Buradaki meslektaşlarım İstanbul’daki büyükelçiliklerine bu sürgün kararını telgrafla haber verdiler. Büyükelçilikleriyle şifreli haberleşmelerine izin verilmeyen İtalya ve Amerika temsilcileri kısa bir mesajla yetinmek zorunda kaldılar. Avusturya-Macaristan konsolosu kendi üst makamının dikkatini toplu nakillerin kadınlar ve çocuklar açısından büyük tehlikeler doğuracağına çekti. Avusturyalı meslektaşım buradaki vali nezdinde birkaç çocuk için, Amerikan konsolosu ise kendine sığınmış olan İran Ermenileri için müdahale etti, ama ikisi de bir sonuç elde edemedi. İtalyan meslektaşım Hıristiyanlara [„Hiristiyanlara karşı“ ifadesi çıkartılmıştır. zarar gelecek korkusuyla aklî dengesini] kaybetti. Avusturyalı meslektaş ile vali nezdinde yapacağım girişimleri konuştum. Kendisi bizzat müdahale etmekten imtina etti. Ben de bunu anlayışla karşıladım. Çünkü, bir defa onun valiye hiç sempatik gelmediğini biliyorum, ayrıca bu [memur „bir defa onun valiye hiç sempatik gelmediğini biliyorum, bu adam” yerine “valinin .... gösterdiği” ifadesi getirilmiştir.] bana öyle sonsuz güven besliyor ki şimdilerde bizim resmî makamlarımız arasında mevcut iyi ilişkileri tehlikeye sokmadan Ermenilerin sürgünü gibi böylesine sakıncalı bir idarî tedbir hakkında kendisiyle açık açık konuşabiliyorum. [Paragrafin sonuna kadar („Ayrıca“dan “meslektaşıma kaldı”ya dek) çıkartılmıştır.] Ayrıca Avusturya konsolosu da biraz korkak tabiatlıdır. Sürgünün ikinci gününde yanında birçok Ermeni çocuğunu barındıran Amerikalı misyonerin yanına gitti, daha sonra beş gün boyunca şehir dışındaki evinden dışarı çıkmadı. Böylece Ermenilerin sakinleştirilmesinin tüm yükü bana ve Amerikalı meslektaşıma kaldı.
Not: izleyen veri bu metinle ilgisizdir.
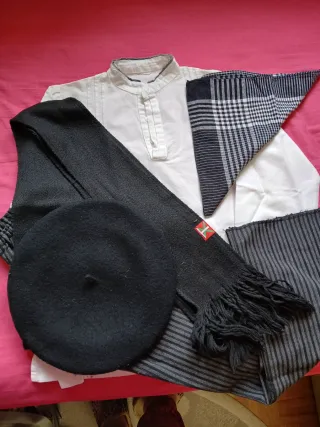 Traje casero niño negro y blanco.talla 8.10.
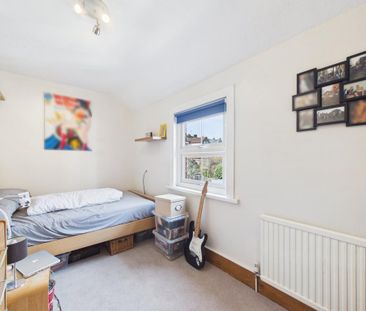 3 bedroom terraced house to rent - Photo 5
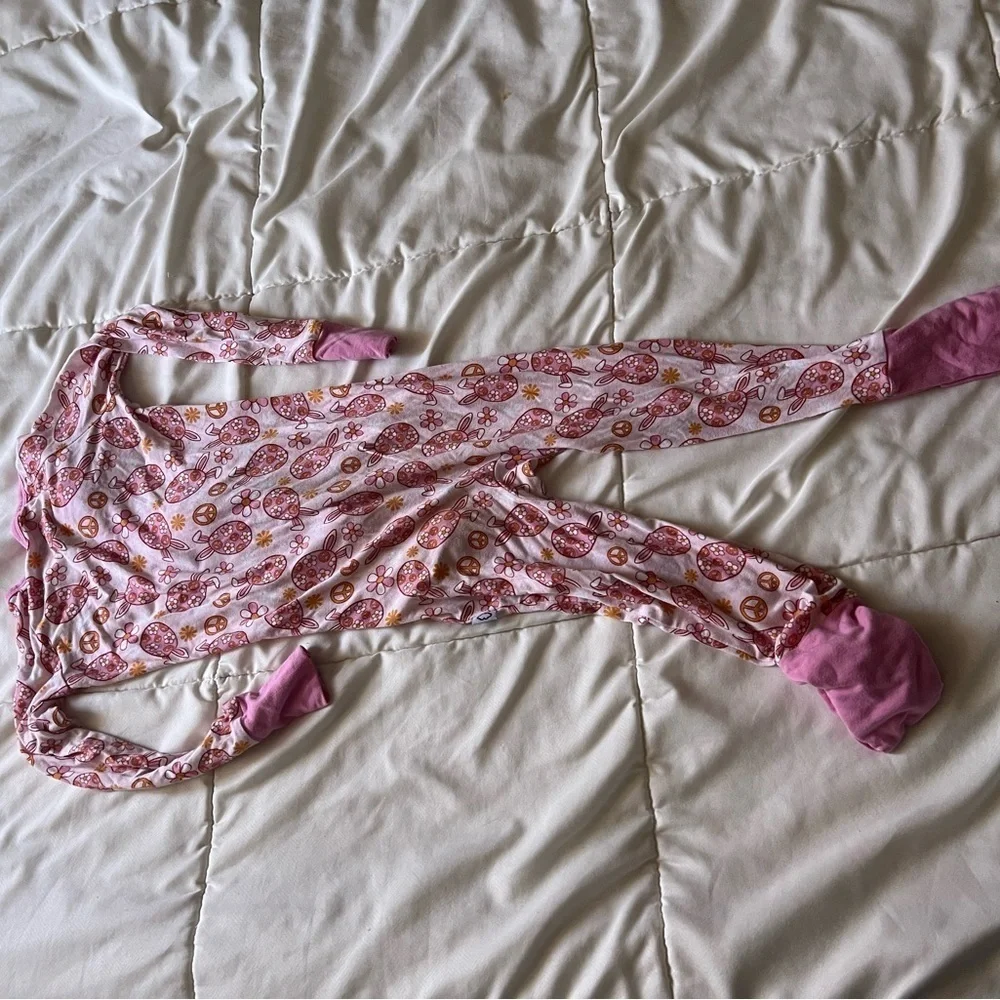Dreamy Zzz Girls 18-24 Month Bunny Bamboo Zippy One Piece Pajamas Sleeper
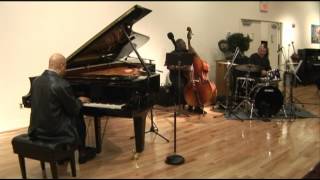 Bob Baldwin at Faust Harrison Pianos, N.Y. 2012 Part 1."Seven Years of Good Luck" (Joe Sample)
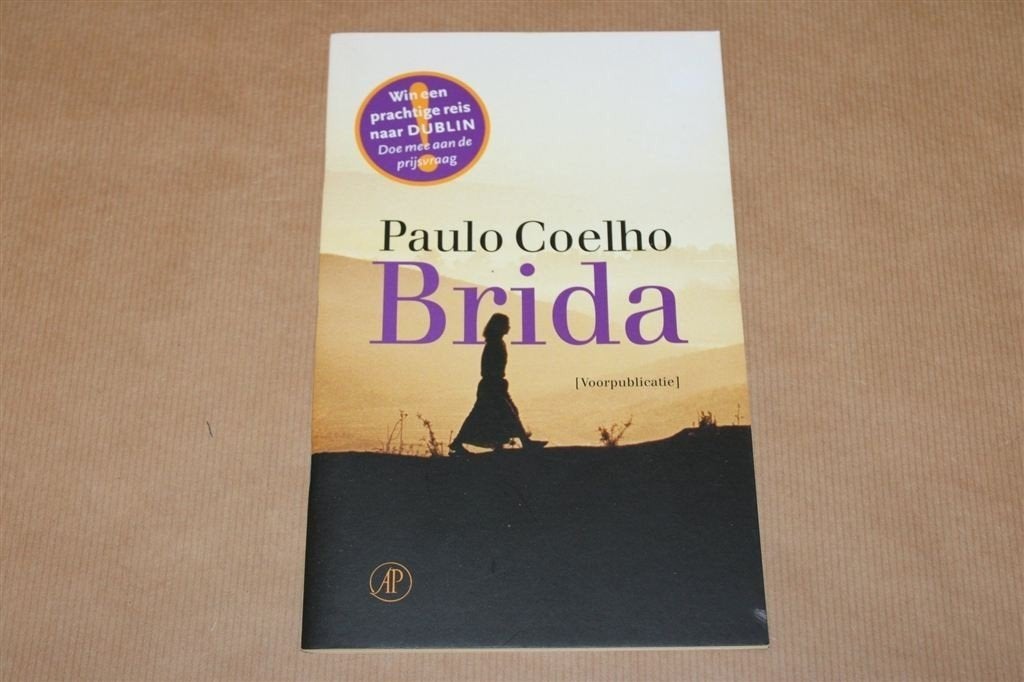 Brida. Voorpublicatie. Paulo Coelho., Boeken, Ophalen of Verzenden, Zo goed als nieuw
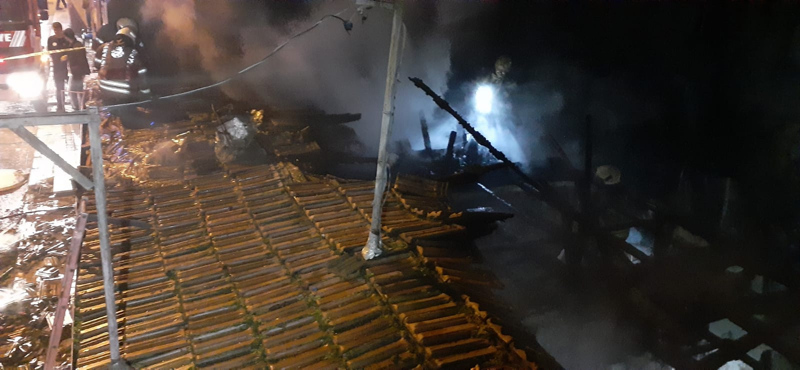 SON DAKİKA! İstanbul’da yangın! Alev alev yanan evde son durum...
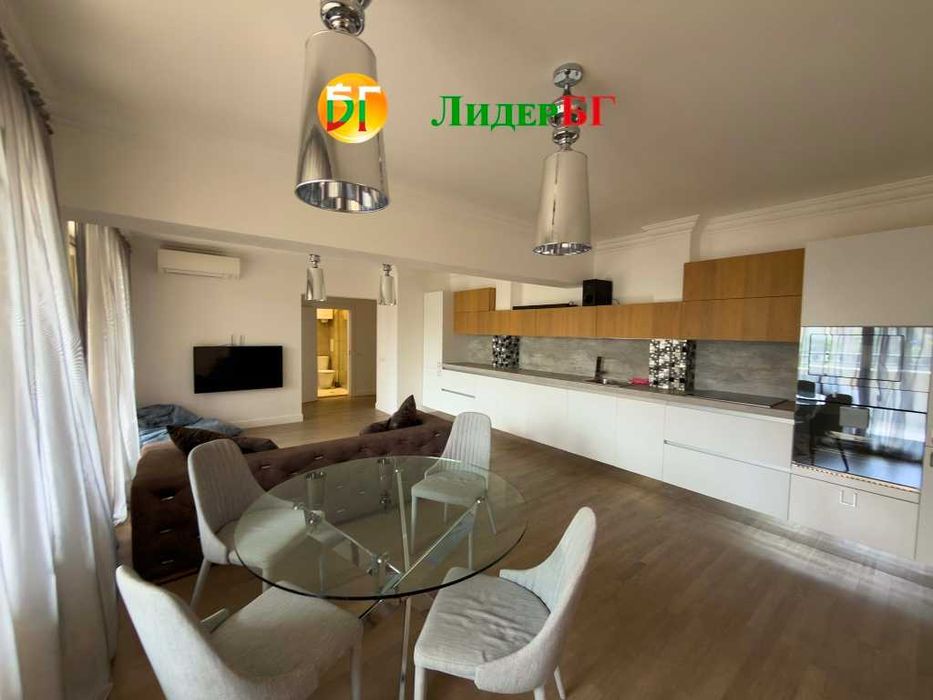 Тристаен апартамент с гледка към басейна в Аргищ Партез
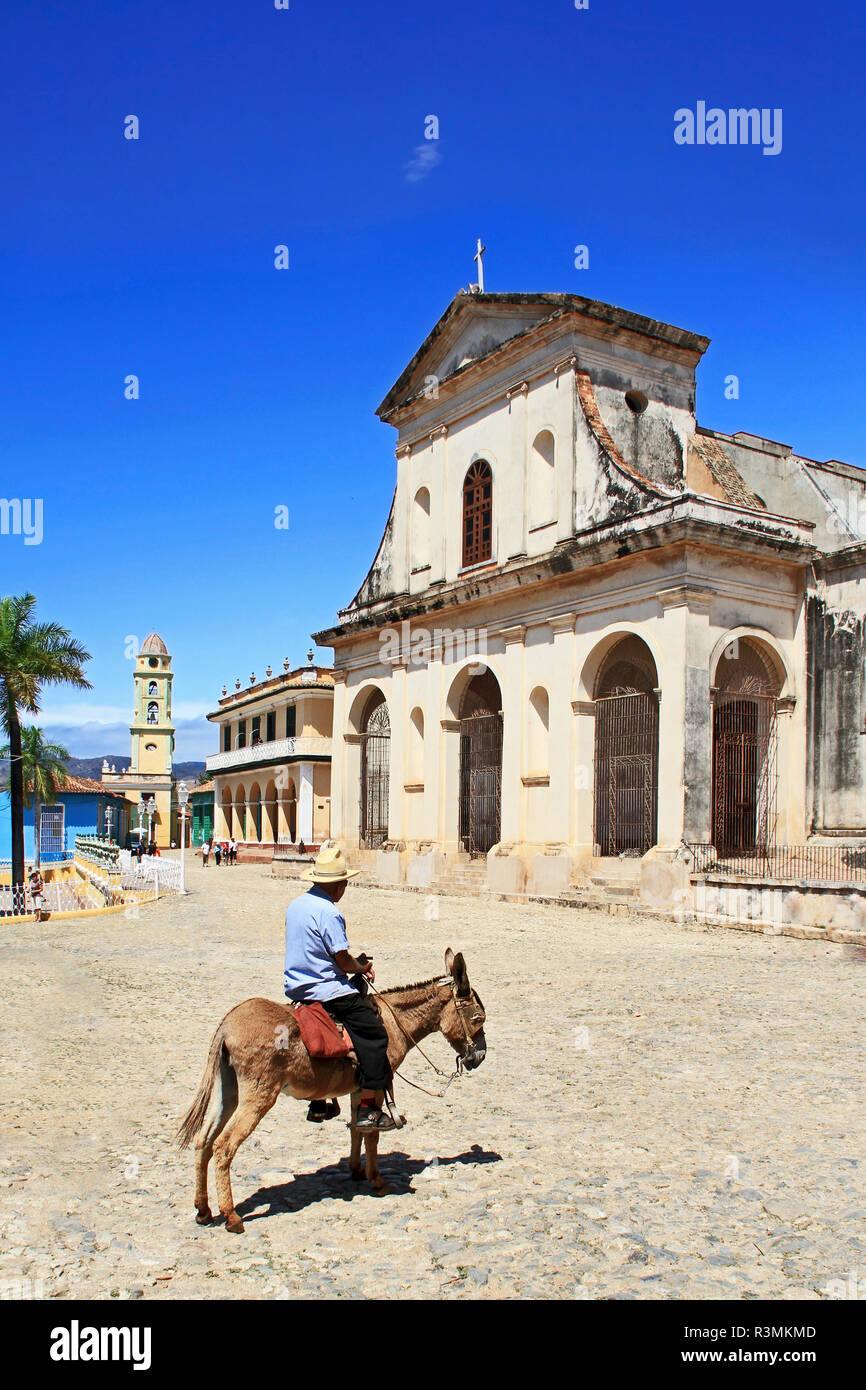Kuba, Trinidad. Mann, der auf einem Esel genießt die ruhigen Plaza San Francisco De Asis, Kirche, Ort, Bürgermeister, Sancti Spiritus, Stockfoto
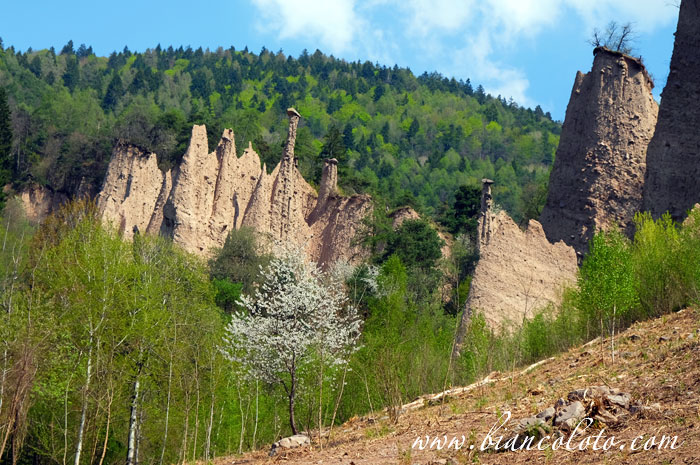 Земляные пирамиды Сегондзано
Kritik günlerde Kayzerlik Konsolosluğunun yanı başında bulunan polis karakolu askerlerle takviye edildi ve benim lojmanım dikkat çekmeden askerler tarafından gözetlendi. Şahsımın korunmasını ve at ile şehre gidiş gelişlerim için bile prestij açısından reddettim. [Buradan yazının sonuna kadar olan kısım dağıtım listesinden çıkartılmıştır.]
Ermenilerin Trabzon’dan sürülmesi dolayısıyla yabancı basında belki Alman basınında da Kayzerlik Konsolosluğu’na saldırılar olacağını ihtimal dışı görmüyorum. Bu nedenle siz ekselanslarına deportasyon ve bununla bağlantılı olarak Almanya Temsilciliği tarafından yapılan girişimler hakkında ayrıntılı bilgi vermem gerektiğini düşündüm.
Bu raporun bir kopyasını İstanbul’daki Kayzerlik Büyükelçiliği’ne sundum.